Many people knock Battlefield Earth and with good reason: there are enough barn door wipe cuts to embarrass a freshman film student. This Earth is fallow to be sure but it’s nowhere near as creatively barren as people make it out.

To wit, a commenter of Den of Geek said it “would’ve been good with decent editing, acting and a script.” Too true! Still, if it were made by Bruno Mattei it would easily be among his Top 3 films.

Surprisingly, this starts out in sword and sandal territory as we’re introduced to primitive villagers whose familiarity with technology would impress any Visigoth. They’re warned against exploring too far from their encampment and too close to that “great god village,” which is the remnants of a nearby city skyline.

Barry Pepper channeling Ewen McGregor is the alpha male villager — Jonnie (mankind has lost touch with modern technology and the use of the letter “h”) and dares to venture outside the gates. Bad move, it turns out, as he and his companions are airlifted to a prison in Denver, which is now lying in ruins but is home to a “human processing centre.” This prison is run by aliens known as Psyclos, an “advanced” people who wear platform boots and share a wardrobe stylist with Amy Winehouse and Rob Zombie and are using humankind as forced labor.

Battlefield_earth_posterHead of security is none other than John Travola as Terl, with a second-in-command Ker (Forest Whitaker) who looks like a black Bert Lahr from Wizard of Oz. Disappointed by his Earth posting and looking to get out on another assignment, Terl’s superiors doom him to several more tours of duty in Colorado. With nothing but time on his hands he blackmails Ker into keeping the proceeds of a human gold mining venture to himself.

However, these humans are resourceful. When Jonnie is placed in a “knowledge machine,” to train him in the finer points of resource extraction, he becomes acquainted with, well, all human achievement up to and beyond the Enlightenment and he tries to explain Euclidian geometry to his dumfounded colleagues who’ve barely mastered fire and Stone Age tools.

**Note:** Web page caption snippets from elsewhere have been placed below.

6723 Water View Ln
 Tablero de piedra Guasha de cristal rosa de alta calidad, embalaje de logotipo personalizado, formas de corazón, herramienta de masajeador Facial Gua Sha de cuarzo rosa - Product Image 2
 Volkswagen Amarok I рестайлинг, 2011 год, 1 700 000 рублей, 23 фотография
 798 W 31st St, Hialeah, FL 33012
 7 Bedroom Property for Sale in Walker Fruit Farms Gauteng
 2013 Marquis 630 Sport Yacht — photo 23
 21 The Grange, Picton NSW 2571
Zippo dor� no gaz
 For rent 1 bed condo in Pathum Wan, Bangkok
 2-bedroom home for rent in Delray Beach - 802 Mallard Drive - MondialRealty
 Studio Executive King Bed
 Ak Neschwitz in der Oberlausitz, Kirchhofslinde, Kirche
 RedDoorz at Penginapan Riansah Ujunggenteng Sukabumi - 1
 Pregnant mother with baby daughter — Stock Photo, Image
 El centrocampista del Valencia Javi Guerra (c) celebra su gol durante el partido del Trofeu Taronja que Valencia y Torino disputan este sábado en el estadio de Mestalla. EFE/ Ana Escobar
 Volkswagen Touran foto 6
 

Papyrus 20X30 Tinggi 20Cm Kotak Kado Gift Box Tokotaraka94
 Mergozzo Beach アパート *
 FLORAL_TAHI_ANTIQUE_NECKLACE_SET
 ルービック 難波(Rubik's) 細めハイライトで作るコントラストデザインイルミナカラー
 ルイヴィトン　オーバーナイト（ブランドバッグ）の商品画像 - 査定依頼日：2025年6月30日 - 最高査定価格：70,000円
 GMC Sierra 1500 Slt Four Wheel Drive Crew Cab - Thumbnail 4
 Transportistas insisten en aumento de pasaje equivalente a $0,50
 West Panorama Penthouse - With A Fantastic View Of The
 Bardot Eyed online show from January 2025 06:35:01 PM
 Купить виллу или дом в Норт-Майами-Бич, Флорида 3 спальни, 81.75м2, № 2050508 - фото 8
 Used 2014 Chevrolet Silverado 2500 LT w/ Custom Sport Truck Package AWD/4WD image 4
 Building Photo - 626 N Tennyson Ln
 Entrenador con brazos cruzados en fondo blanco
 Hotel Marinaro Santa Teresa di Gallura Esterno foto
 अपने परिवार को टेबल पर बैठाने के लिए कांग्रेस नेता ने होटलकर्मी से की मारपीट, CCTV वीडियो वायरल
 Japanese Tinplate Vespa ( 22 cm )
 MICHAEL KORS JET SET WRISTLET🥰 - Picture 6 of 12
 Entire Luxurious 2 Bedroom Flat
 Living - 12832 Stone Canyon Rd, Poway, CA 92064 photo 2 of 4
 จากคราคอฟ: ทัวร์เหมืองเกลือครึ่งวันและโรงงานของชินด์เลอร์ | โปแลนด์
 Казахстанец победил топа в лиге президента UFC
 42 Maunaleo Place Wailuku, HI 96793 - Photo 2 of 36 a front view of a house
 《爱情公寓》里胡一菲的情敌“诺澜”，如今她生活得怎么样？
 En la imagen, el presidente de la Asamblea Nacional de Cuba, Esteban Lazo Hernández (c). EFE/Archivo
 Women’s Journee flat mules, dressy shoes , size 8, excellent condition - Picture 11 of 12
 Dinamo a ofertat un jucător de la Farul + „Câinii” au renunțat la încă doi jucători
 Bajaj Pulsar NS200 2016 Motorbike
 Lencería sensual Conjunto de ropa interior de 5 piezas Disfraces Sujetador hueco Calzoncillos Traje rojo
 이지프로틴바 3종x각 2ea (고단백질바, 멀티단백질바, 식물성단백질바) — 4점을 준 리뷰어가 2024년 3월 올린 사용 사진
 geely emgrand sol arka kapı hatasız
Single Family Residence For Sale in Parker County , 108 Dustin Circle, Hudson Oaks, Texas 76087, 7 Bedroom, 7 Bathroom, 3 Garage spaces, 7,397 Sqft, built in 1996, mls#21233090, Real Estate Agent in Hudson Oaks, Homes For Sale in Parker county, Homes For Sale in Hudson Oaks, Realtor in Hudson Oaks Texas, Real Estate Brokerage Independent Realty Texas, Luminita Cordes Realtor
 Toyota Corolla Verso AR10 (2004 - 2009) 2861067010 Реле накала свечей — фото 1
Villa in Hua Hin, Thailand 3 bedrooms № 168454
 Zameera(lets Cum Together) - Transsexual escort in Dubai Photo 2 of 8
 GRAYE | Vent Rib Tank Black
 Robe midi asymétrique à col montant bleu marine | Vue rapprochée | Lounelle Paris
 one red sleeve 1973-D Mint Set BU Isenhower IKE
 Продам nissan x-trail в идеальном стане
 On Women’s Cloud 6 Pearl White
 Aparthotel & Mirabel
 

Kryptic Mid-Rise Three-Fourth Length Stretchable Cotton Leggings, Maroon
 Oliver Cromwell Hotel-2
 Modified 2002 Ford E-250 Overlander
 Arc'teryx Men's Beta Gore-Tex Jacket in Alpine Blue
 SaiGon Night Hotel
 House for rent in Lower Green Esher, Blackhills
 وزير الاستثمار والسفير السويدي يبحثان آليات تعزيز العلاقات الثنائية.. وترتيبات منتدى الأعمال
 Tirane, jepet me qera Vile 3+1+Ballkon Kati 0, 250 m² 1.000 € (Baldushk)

A little knowledge is indeed a generous thing as he and the imprisoned humans “get leverage” on their captors (the phrase “leverage” is used repeatedly. Must be some kind of Scientology nonsense).

Human resourcefulness involves these 5th century beings learning how to fly what should’ve been long-mothballed US Air force aircraft, and finding ways to detonate improvised explosive devices, to attack their colonizing Psychlo overlords.

For an advanced race of prison guards, Psyclos don’t fare too well. Not only do they believe humans enjoy eating raw rat (guess their knowledge machines weren’t tuned to learning anything about humankind) their technology is bested by cheesy 20th century weaponry.

Battlefield Earth is uproarious fun. Dismal dialogue, lots of cackling, double-crossing, terrific costumes and absolute absurdity at every turn.